# Rotation aller Objekte einer 3D-Szene



## whitebrazilian (11. Mai 2011)

Hallo,

ich habe mir eine Primitive Box erstellt und möchte nun in diese Box weitere Boxen hineinsetzen. Solange ich die kleine Box an dieselbe TransformGroup hänge, welche ich im MouseRotate setze, dreht sich die kleine Box mit. Sobald ich eine weitere TransformGroup für die kleine Box erstelle, funktioniert das natürlich nicht mehr, da ich nicht zwei TransformGroups an das MouseRotate-Objekt übergeben kann.
Ich muss aber mehrere TransformGroups erstellen, weil ich den kleinen Boxen ihre Position im Universum mitgeben möchte. Oder kann ich einem 3D-Objekt unabhängig von der TransformGroup die Position mitgeben? Bisher mache ich das mit der Methode setTranslation(new Vector3f(x,y,z)).

Vielen Dank!

Grüße,
whitebrazilian


----------



## Marco13 (11. Mai 2011)

Die einfachste/üblichste Methode ist, alles, was gedreht werden soll, an eine gemeinsame "Wurzel"-Transform3D zu hängen. Ob das hier angebracht ist, hängt, soweit ich das verstanden habe, von einer entscheidenden Frage ab: Sollen die Positionen der "Inneren" Boxes in _Weltkoordinaten_ angegeben werden, oder immer relativ zur Position der "Überbox"? (Im Zweifelsfall könnte die Überbox vielleicht im Ursprung liegen, aber das müßtest du genauer spezifizieren...)


----------



## whitebrazilian (11. Mai 2011)

Danke erstmal.
Die Überbox liegt in (0,0,-25) um sie besser sehen zu können.

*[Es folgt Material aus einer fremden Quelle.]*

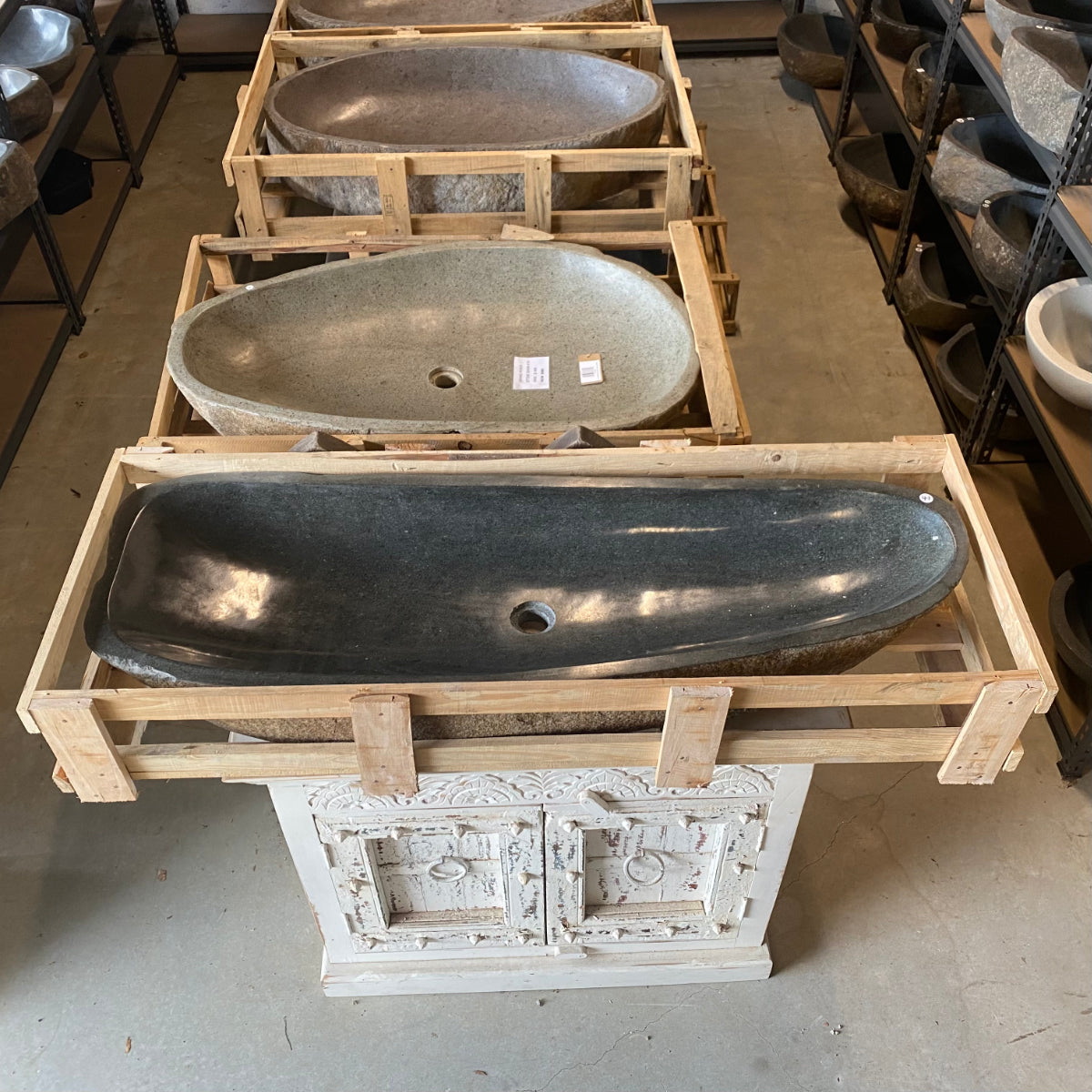 River stone basin – 104 x 42 x 15cm – Paradise Living Co.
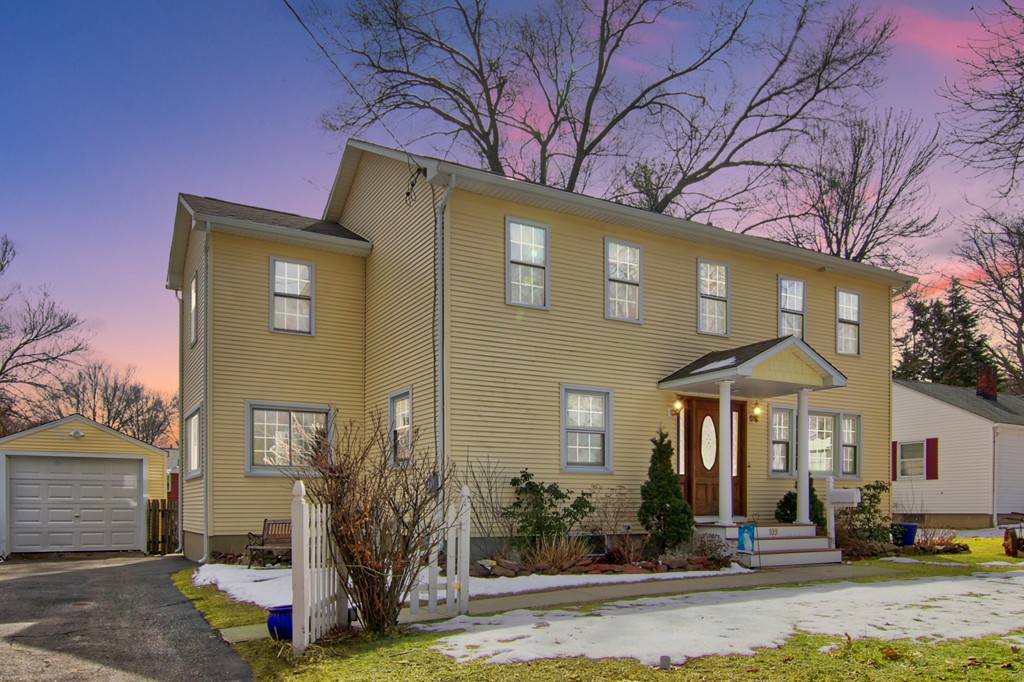 Luxury Homes For Sale in Springfield, MA Springfield MLS Search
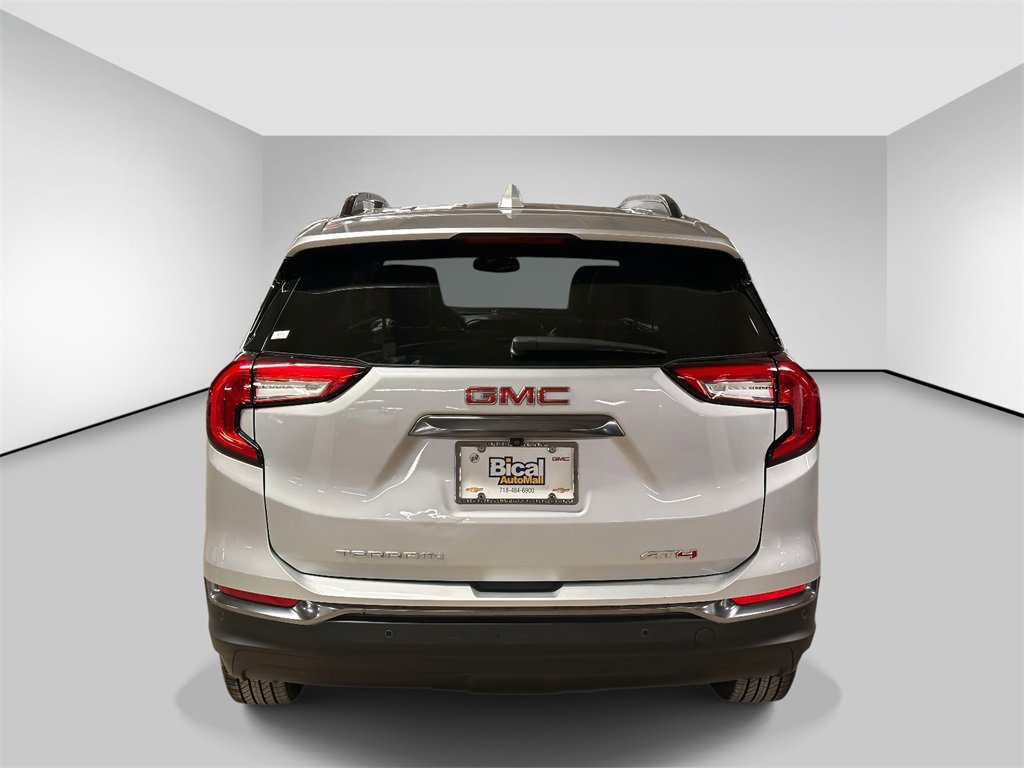 Used 2022 GMC Terrain AT4 w/ Infotainment Package II image 4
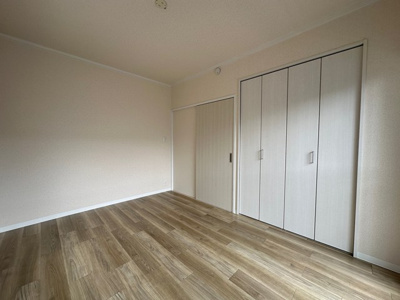 【寝室】 | リバーハイツ麻生 | 洋室6帖☆バルコニー側からの眺めです！こちらのお部屋にもクローゼットがあります♪お洋服の多い方もお部屋が片付いて快適に過ごせますね♪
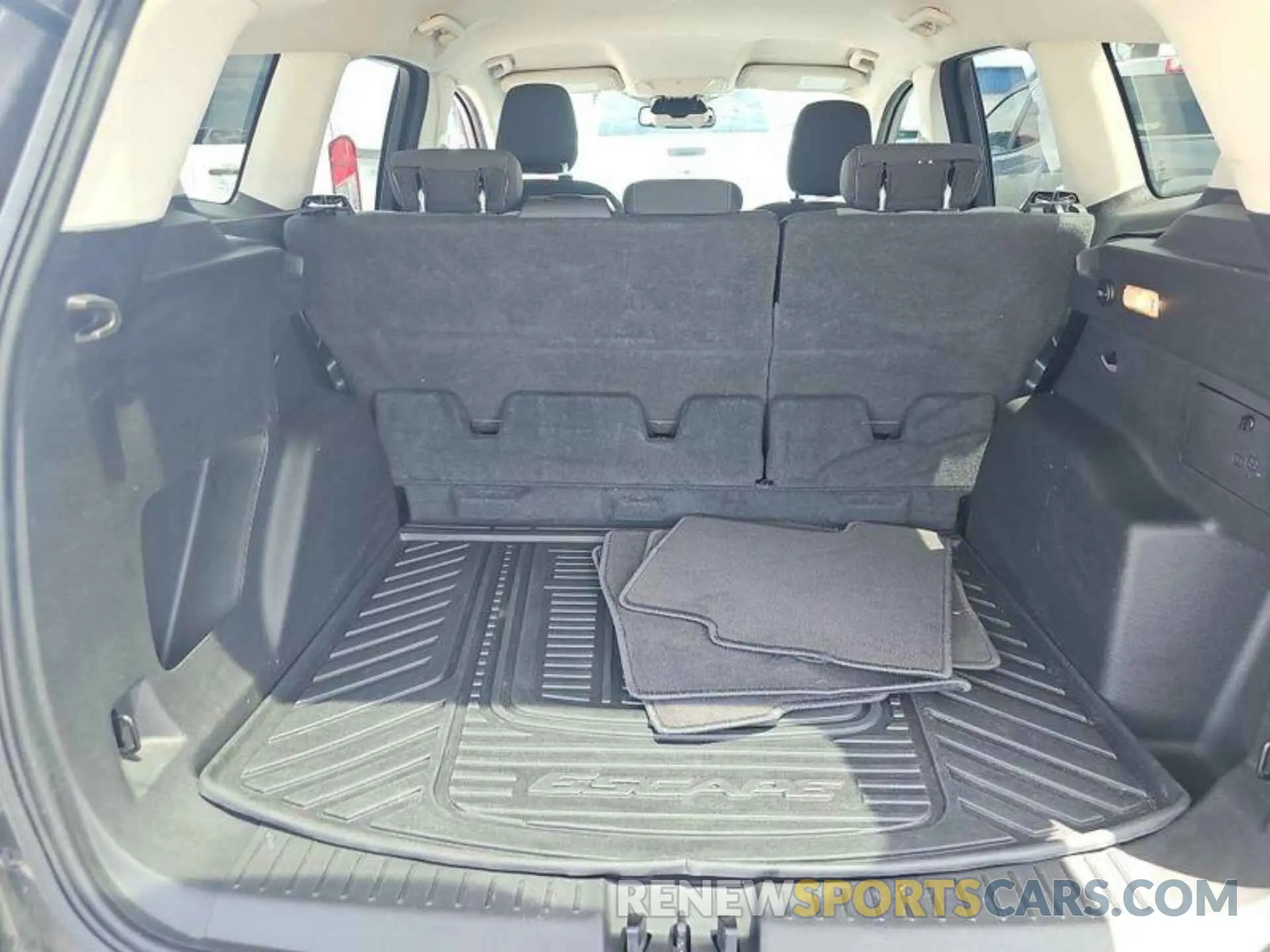 19 fotografías del automóvil dañado 1FMCU9GD2KUB65151 FORD ESCAPE 2019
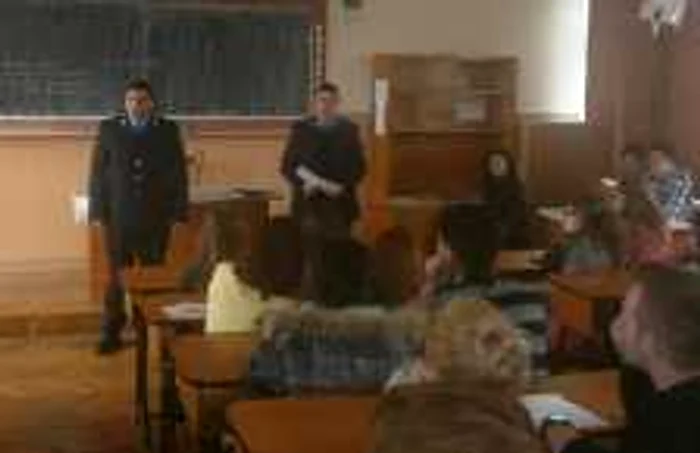 Reprezentanţii Penitenciarului mureşean au încercat să atragă liceenii către o carieră în sistem
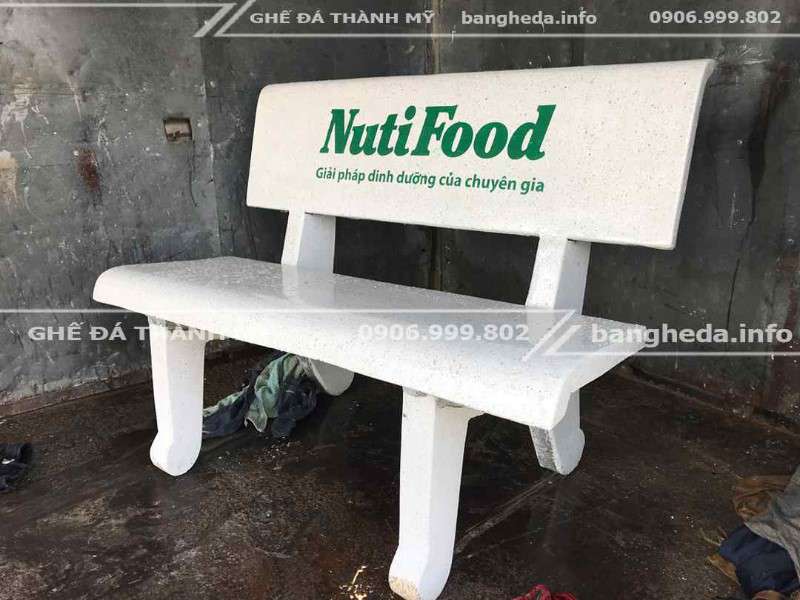 Nuitifood tặng ghế đá trường học 1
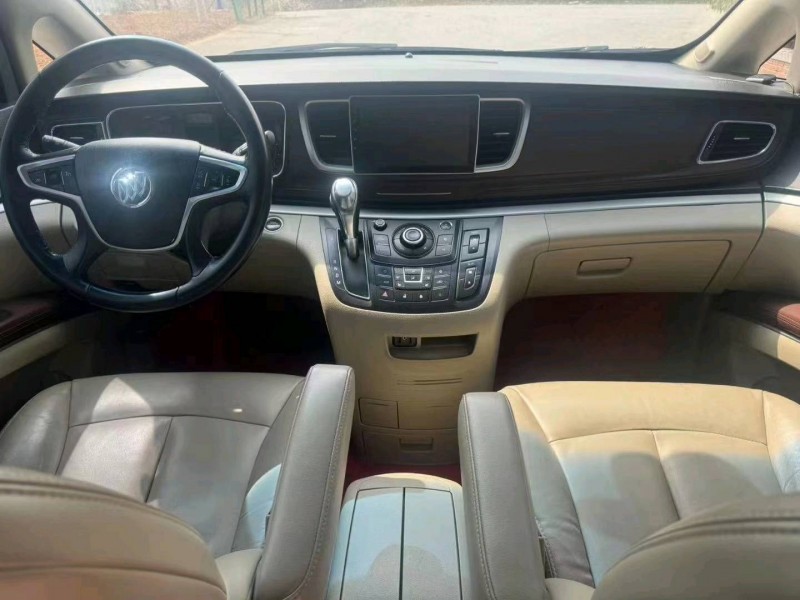 青岛18年别克GL85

Da die inneren Boxen die Beladung eines LKWs darstellen sollen, wäre es sicher besser die Position relativ zur "Überbox" anzugeben, da die Ladung ja immer innerhalb dieser sein sollte.
Ich versuche im Moment, da ich mich erst langsam in Java3D einarbeite, die kleinen Boxen überhaupt einmal zu platzieren. Im besten Fall sollen diese am Ende per Drag and Drop in der großen Box platziert werden.


----------



## Marco13 (11. Mai 2011)

Drag & Drop kann belieibg aufwändig werden. Aber schon zur allgemeinen Frage der Platzierung müßte man genauer wissen, was da am Ende gehen soll. Es soll also "alles" gedreht werden können, und die kleinen Boxen relativ zur großen positioniert sein - aber wo kommt dann eine zweite TransformGroup für die Rotation ins spiel?


----------



## whitebrazilian (11. Mai 2011)

Also mal das eigentliche Problem:

Die Große Box soll die Ladefläche eines LKW darstellen. Diese soll vom Disponenten gedreht werden können um sich einen Überblick zu verschaffen. Dazu müssen sich auch die kleinen Boxen mitdrehen, weil es ja sonst keinen Sinn macht. Ich stelle mir eine Betrachtungsansicht vor, in der der Benutzer den LKW drehen kann und eine Editieransicht, in der er die kleinen Boxen wie folgt platzieren/verschieben kann:

Die kleinen Boxen sollen über Daten aus der Datenbank erstellt werden (dann zunächst irgendwo dargestellt werden: in einem extra Frame oder im selben Frame auf der Seite). Diese sollen dann vom Benutzer in der großen Box platziert werden. Entweder per Drag and Drop oder so, dass dem Benutzer in der Box ein Feld angezeigt wird, in welches nach anklicken die kleine Box gesetzt wird. Die Boxen sollen auch aufeinander gestapelt werden können.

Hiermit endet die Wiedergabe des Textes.